▶ _What you need to do_
Among the entries that follow, the required portion opens with the line containing "大股東股票質(zhì)押背后" and closes with the line containing "開発者向け 各種コース". Give that portion again exactly, and nothing else.

▶ _Supplied information_
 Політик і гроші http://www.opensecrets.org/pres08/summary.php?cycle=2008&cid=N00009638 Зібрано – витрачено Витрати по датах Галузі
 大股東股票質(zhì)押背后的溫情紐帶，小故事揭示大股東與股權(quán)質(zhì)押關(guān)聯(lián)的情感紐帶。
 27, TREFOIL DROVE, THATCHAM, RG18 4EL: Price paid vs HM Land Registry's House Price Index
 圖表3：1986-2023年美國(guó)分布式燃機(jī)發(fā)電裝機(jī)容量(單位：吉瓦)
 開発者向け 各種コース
---
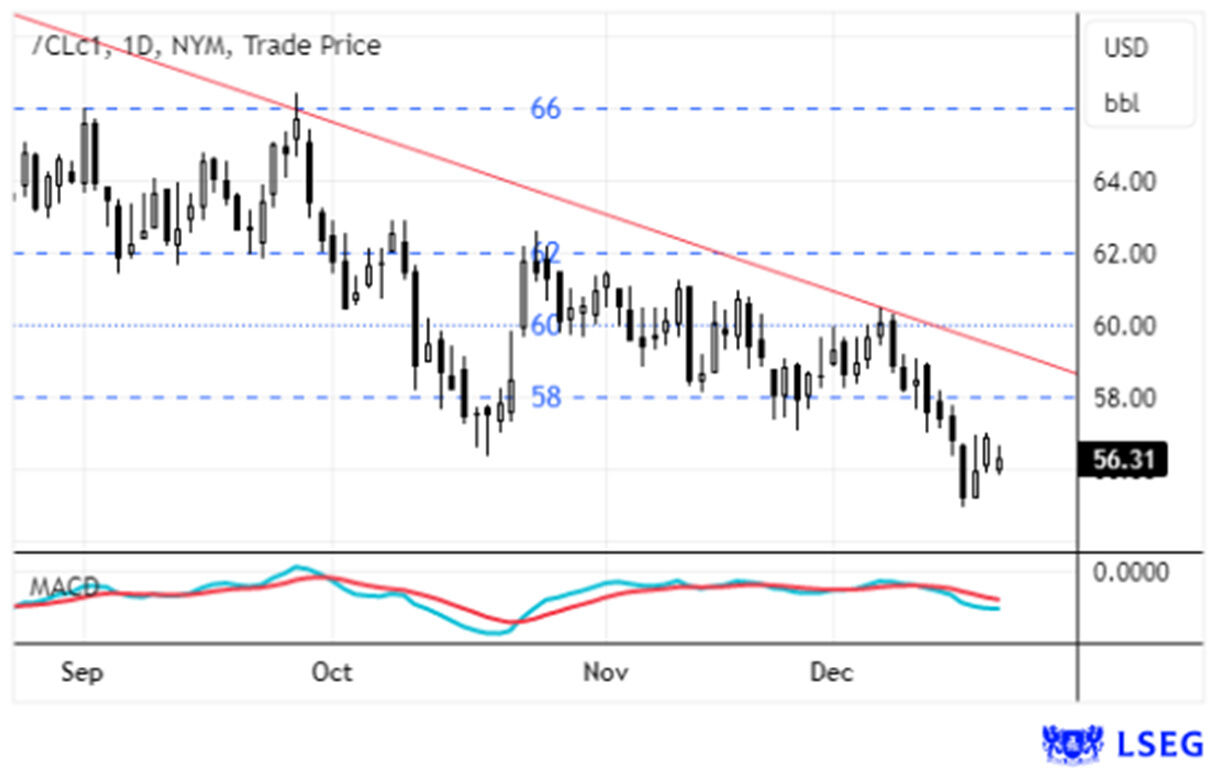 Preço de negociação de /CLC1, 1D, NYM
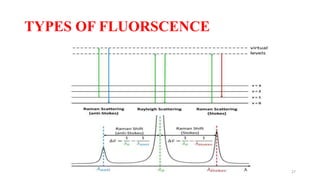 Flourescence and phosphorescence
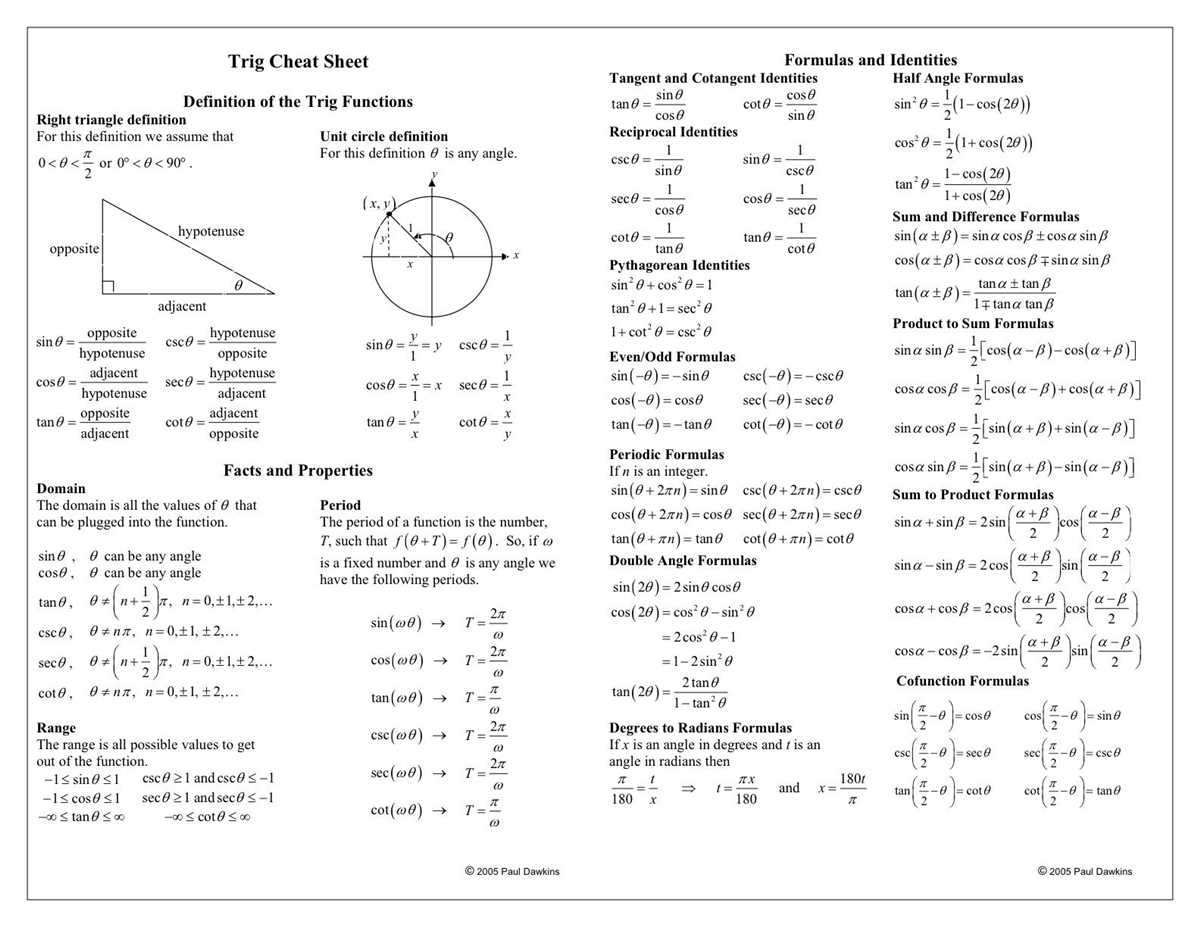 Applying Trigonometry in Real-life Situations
...
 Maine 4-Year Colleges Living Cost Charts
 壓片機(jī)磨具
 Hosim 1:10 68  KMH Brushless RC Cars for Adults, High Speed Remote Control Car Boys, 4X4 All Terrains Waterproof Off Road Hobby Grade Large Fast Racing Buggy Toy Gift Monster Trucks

▶ _Solution_
 大股東股票質(zhì)押背后的溫情紐帶，小故事揭示大股東與股權(quán)質(zhì)押關(guān)聯(lián)的情感紐帶。
 27, TREFOIL DROVE, THATCHAM, RG18 4EL: Price paid vs HM Land Registry's House Price Index
 圖表3：1986-2023年美國(guó)分布式燃機(jī)發(fā)電裝機(jī)容量(單位：吉瓦)
 開発者向け 各種コース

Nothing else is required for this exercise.